Figured it out. It's the SystemCallFilter on the systemd-udevd.service unit. Adding this works around it:
/etc/systemd/system/systemd-udevd.service.d/syscall.conf
[Service]
SystemCallFilter=
We need to figure out what syscalls are required for doing our modules overlay trick.
Thank you both for the report and investigation (and beta testing)!
I've just tested it and we need to add @mount syscalls to make it work (in addition to the ones already allowed in systemd-udevd.service @system-service @module @raw-io bpf)
It's probably cumulative, so I think you can just add @mount in a drop-in.
I've just opened a PR: https://github.com/flatcar/scripts/pull/3367 I've done local testing and it seems to work, we should also add testcase.
Hi, maybe we are missing something that needs to happen after an upgrade?
coreos-prd1-mysql-px-c ~ # cat /etc/os-release
NAME="Flatcar Container Linux by Kinvolk"
ID=flatcar
ID_LIKE=coreos
VERSION=4459.2.0
VERSION_ID=4459.2.0
BUILD_ID=2025-11-10-1432
SYSEXT_LEVEL=1.0
PRETTY_NAME="Flatcar Container Linux by Kinvolk 4459.2.0 (Oklo)"
ANSI_COLOR="38;5;75"
HOME_URL="https://flatcar.org/"
BUG_REPORT_URL="https://issues.flatcar.org"
FLATCAR_BOARD="amd64-usr"
CPE_NAME="cpe:2.3:o:flatcar-linux:flatcar_linux:4459.2.0:*:*:*:*:*:*:*"
coreos-prd1-mysql-px-c ~ # ls -al /usr/lib/systemd/system/systemd-udevd.service.d/
total 2
drwxr-xr-x. 2 root root 34 Nov 10 15:32 .
drwxr-xr-x. 1 root root 44 Jan 1 1970 ..
-rw-r--r--. 1 root root 36 Nov 10 15:32 10-zfs.conf
coreos-prd1-mysql-px-c ~ #
The flatcar.conf file in /usr/lib/systemd/system/systemd-udevd.service.d/ from PR: https://github.com/flatcar/scripts/pull/3367 is missing and therefore we are missing our ZFS pools in production.
Do we need to run something after an upgrade to get that sysext up2date?
Thanks Rainer
The fix hasn't been backported to stable (or beta) yet. I will do that today for the next release.
So we need to halt the roll out of the "stable" release, roll back to the previous version and disable auto update for ever - is this the correct way to move forward?
This contradicts https://www.flatcar.org/releases:
The Stable channel is intended for use in production clusters. Versions of Flatcar Container Linux have been tested as they move through Alpha and Beta channels before being promoted to stable.

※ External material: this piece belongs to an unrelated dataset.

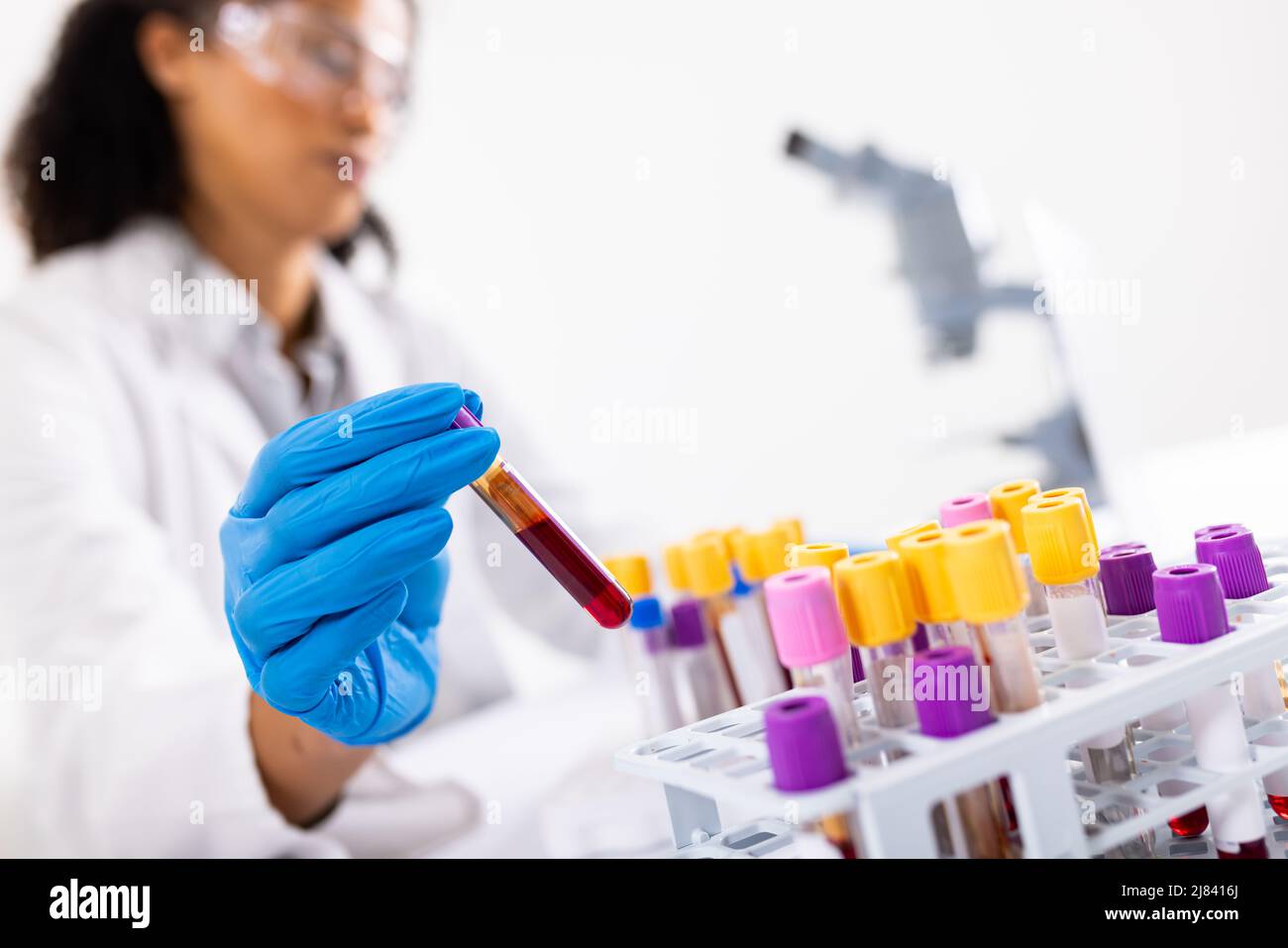 Primo piano di un guanto medico femminile afroamericano per adulti di media età che mette la provetta nel vassoio Foto Stock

Would it be safer for us to move to LTS for production systems?
This fix should have been backported before the last set of releases, and I am also disappointed that this didn't happen. Lesson learned.

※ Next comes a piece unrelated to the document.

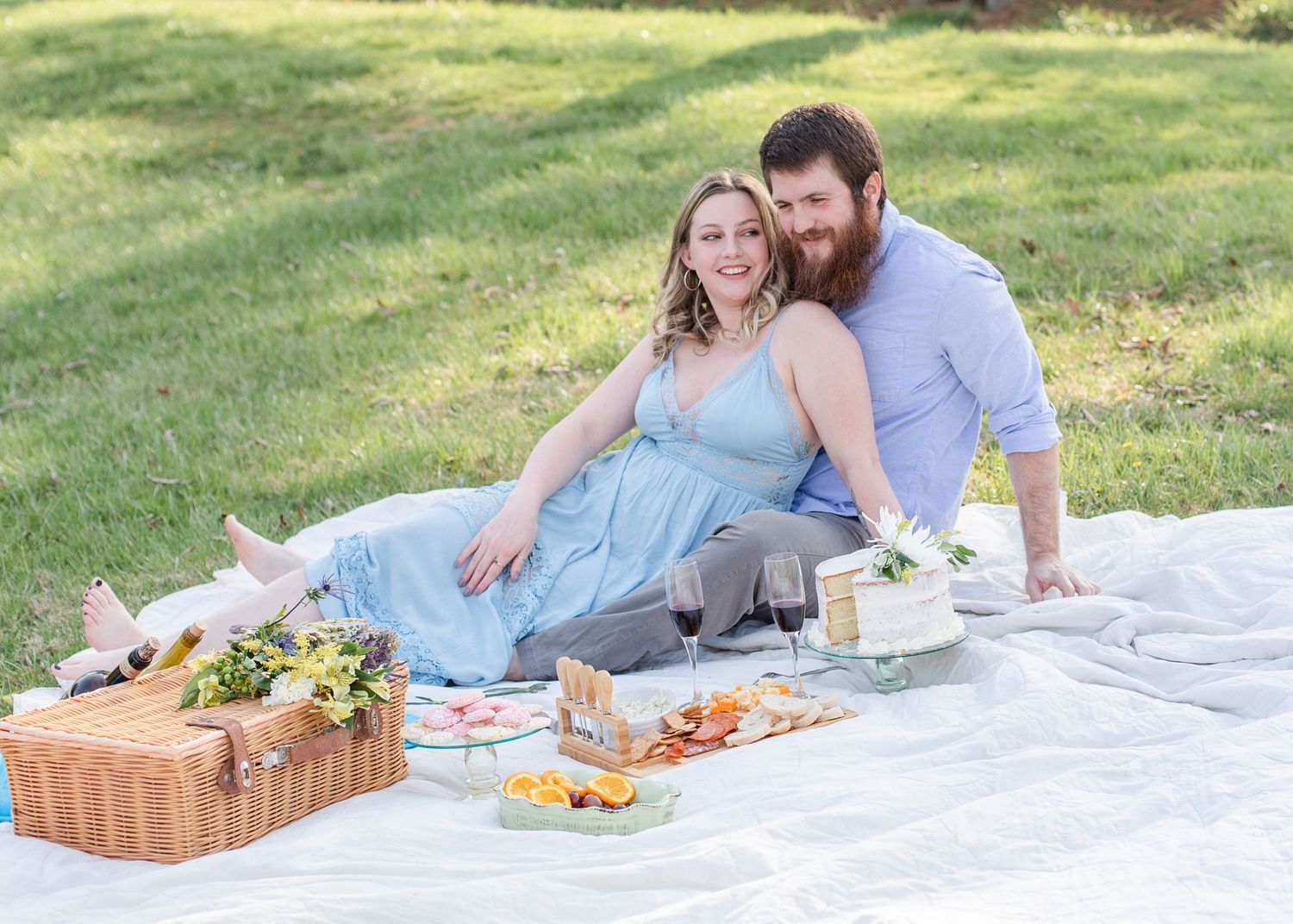 A romantic picnic setup on a white blanket in a grassy park with a wicker basket and snacks.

Our test suite does cover ZFS for every release, but unfortunately, it didn't catch this particular issue. We will be extending the test suite so that it does.

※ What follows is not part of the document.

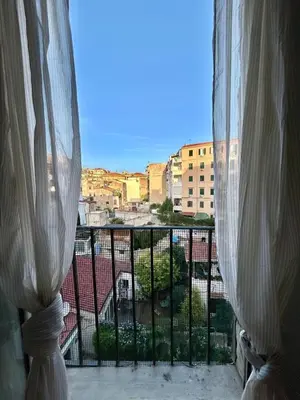 a view of a city from a balcony with curtains at Casa del Teatro in Palermo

I have now backported the fix to 4459 for the next stable and beta releases. We have decided to expedite these releases, so you should see them on Monday 24th.
I don't know exactly how you manage your deployments, but if you have already rolled back, you can pause automatic updates until then. If you don't want to wait that long, you can manually add the following at /etc/systemd/system/systemd-udevd.service.d/zfs-udevd-hotfix.conf before rebooting into the broken release. You can remove it after upgrading to the next release, but you don't have to.
[Service]
SystemCallFilter=@mount
You are free to switch to LTS if you'd prefer, but what you have seen is not the level of stability we strive for.
Now I am just interested if we are the only ones affected by this issue using ZFS with Flatcar in production. If so we might just have to transition to btrfs because of the possible higher popularity...
Anyone else affected by this issue please use the thumbs up reaction button on this post.
@stumbaumr we aren't in production yet, but will be using ZFS. We do plan on having dev/staging servers here on beta though to keep an eye on things.
@Codelica the issue was caught in beta, but the process took to long and it was not fixed before the stable release got out. So your plan would have not helped you here... We used to run beta as well on a test cluster. But only by using it you can identify issues. We are just a small group of people - there is no one available to operate/fight systems on a beta level.